Monitor Consul with Prometheus and Grafana

Set up comprehensive monitoring for HashiCorp Consul using Prometheus metrics collection and Grafana dashboards. Configure telemetry export, alerting rules, and visualization for service discovery health and performance.

Prerequisites

Running Consul cluster
Root or sudo access
Network access between monitoring components
Basic understanding of Prometheus and Grafana

What this solves

Consul service discovery requires comprehensive monitoring to ensure healthy service registration, discovery performance, and cluster stability. This tutorial configures Prometheus to collect Consul telemetry metrics and creates Grafana dashboards for visualizing service health, cluster performance, and automated alerting on critical issues.

Prerequisites

You need a running Consul cluster with basic configuration. If you haven't set up Consul yet, follow our Consul installation guide first. You'll also need Prometheus and Grafana installed on your monitoring server.

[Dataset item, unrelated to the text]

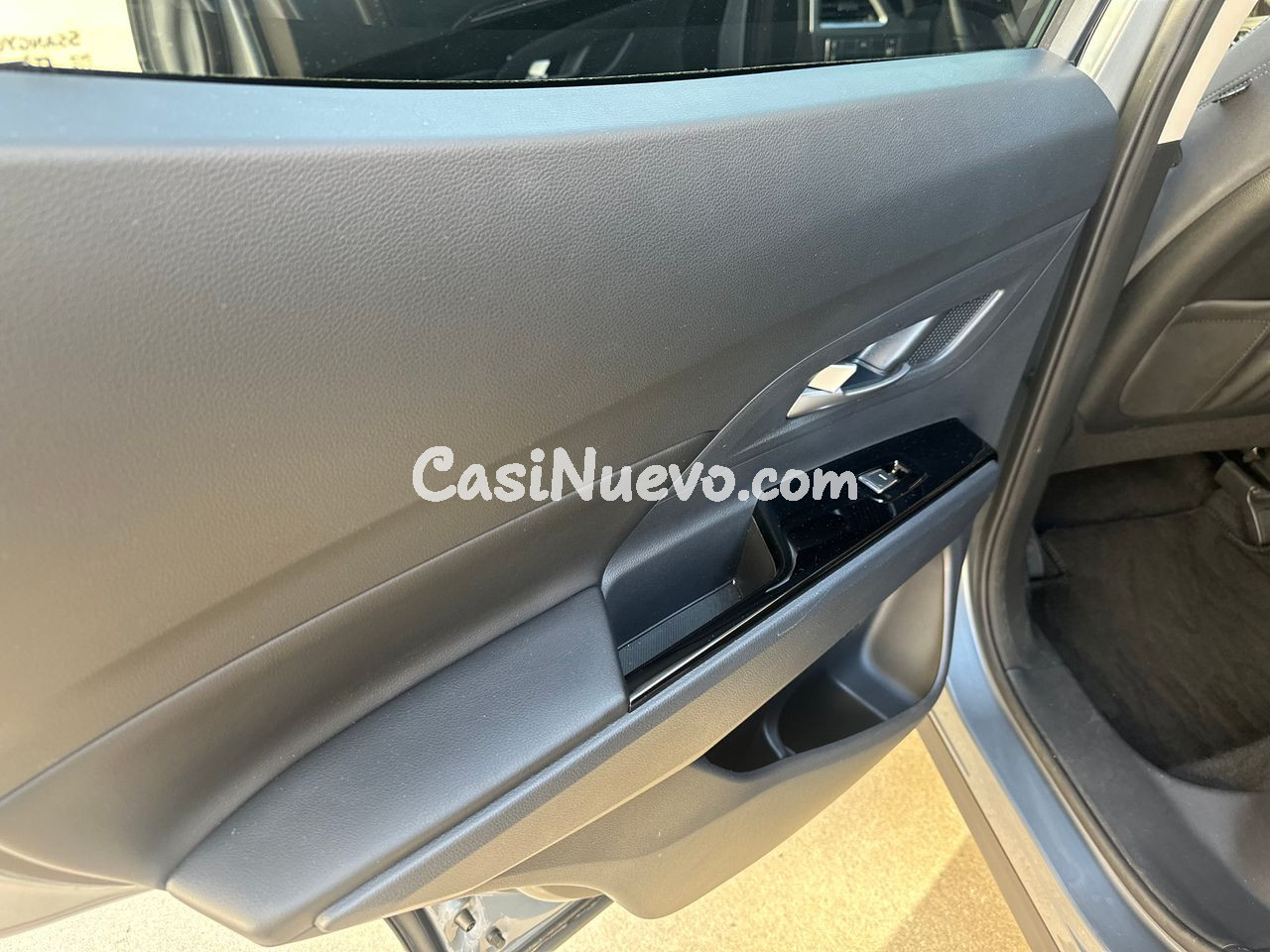 SsangYong Korando G15t - foto 25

Step-by-step configuration

Install monitoring stack components

Install Prometheus and Grafana on your monitoring server to collect and visualize Consul metrics.

sudo apt update
sudo apt install -y prometheus grafana curl wget
sudo systemctl enable prometheus grafana-server

sudo dnf update -y
sudo dnf install -y prometheus grafana curl wget
sudo systemctl enable prometheus grafana-server

Configure Consul telemetry

Enable Consul's built-in telemetry and metrics export to make data available for Prometheus scraping.

telemetry {
  prometheus_retention_time = "30s"
  disable_hostname = true
  enable_hostname_label = true
  
  statsd_address = "127.0.0.1:8125"
  statsite_address = "127.0.0.1:8126"
  
  metrics_prefix = "consul"
  
  circonus_api_token = ""
  circonus_api_app = "consul"
  
  dogstatsd_addr = ""
  dogstatsd_tags = []
}

Enable Consul HTTP API metrics endpoint

Configure Consul to expose metrics through its HTTP API endpoint for Prometheus collection.

ports {
  http = 8500
}

ui_config {
  enabled = true
  metrics_provider = "prometheus"
  metrics_proxy {
    base_url = "http://localhost:9090"
  }
}

connect {
  enabled = true
}

log_level = "INFO"
log_json = true

Restart Consul with telemetry configuration

Apply the telemetry configuration by restarting Consul and verify the metrics endpoint is accessible.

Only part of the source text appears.